### MATERIAL SHOWN
_____

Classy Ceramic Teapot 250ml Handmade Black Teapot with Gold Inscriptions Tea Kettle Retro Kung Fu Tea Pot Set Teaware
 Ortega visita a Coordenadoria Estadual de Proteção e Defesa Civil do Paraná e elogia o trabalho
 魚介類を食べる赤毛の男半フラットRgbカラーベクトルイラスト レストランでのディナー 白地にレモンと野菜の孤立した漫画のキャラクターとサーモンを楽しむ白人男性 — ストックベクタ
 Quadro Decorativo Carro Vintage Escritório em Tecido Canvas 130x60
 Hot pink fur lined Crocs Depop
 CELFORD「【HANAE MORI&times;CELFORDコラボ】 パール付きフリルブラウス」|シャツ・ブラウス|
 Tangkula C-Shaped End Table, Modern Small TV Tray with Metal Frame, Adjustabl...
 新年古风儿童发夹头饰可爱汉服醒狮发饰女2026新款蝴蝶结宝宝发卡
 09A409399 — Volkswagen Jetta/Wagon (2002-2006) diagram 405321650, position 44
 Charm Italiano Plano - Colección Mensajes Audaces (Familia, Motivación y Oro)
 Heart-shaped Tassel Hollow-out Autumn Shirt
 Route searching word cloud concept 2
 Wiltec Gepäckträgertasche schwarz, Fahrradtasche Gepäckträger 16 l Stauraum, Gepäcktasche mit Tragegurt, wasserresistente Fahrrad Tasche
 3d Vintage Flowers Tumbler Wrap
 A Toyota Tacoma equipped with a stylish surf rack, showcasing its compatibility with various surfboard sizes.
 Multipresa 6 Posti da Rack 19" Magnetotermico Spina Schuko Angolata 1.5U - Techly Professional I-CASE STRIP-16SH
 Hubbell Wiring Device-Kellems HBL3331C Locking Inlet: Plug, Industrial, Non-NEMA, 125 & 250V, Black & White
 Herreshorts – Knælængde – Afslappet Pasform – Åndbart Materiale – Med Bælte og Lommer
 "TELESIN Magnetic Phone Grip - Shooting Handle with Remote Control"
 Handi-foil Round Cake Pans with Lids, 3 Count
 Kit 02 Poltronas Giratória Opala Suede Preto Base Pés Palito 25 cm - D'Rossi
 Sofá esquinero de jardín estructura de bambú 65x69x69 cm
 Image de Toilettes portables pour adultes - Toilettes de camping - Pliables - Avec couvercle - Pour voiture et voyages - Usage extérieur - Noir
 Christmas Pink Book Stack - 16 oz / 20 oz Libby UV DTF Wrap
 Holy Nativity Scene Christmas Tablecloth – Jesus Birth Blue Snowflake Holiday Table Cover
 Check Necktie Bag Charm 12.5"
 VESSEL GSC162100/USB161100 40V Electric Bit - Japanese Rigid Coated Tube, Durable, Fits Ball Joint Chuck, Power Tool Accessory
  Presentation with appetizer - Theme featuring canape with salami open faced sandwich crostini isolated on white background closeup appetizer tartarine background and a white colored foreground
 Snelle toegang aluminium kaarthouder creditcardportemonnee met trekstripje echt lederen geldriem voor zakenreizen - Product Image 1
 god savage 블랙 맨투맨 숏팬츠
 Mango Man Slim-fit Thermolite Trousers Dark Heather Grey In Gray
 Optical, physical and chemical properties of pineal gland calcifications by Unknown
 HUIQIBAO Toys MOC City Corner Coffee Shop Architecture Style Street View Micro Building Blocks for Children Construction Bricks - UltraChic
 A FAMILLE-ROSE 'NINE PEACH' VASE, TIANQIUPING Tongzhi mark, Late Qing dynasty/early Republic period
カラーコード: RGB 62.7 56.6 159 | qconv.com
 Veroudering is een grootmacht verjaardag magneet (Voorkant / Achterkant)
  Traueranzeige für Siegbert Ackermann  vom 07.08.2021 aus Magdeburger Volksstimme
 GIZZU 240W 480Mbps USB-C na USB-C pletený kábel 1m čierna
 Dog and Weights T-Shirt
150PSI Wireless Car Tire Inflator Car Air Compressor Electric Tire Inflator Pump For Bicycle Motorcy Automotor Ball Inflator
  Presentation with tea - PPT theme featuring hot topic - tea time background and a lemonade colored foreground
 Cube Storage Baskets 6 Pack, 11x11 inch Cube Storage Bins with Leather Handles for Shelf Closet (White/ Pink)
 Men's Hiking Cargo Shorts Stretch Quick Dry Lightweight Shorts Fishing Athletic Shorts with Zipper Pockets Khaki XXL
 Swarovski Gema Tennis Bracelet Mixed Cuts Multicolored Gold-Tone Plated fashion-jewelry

_____

### DESCRIPTION OF THE TASK
For the lines above, output exactly those from the line containing "Optical, physical and" through the line containing "HUIQIBAO Toys MOC", and skip the others.

### ANSWER SPACE
 Optical, physical and chemical properties of pineal gland calcifications by Unknown
 HUIQIBAO Toys MOC City Corner Coffee Shop Architecture Style Street View Micro Building Blocks for Children Construction Bricks - UltraChic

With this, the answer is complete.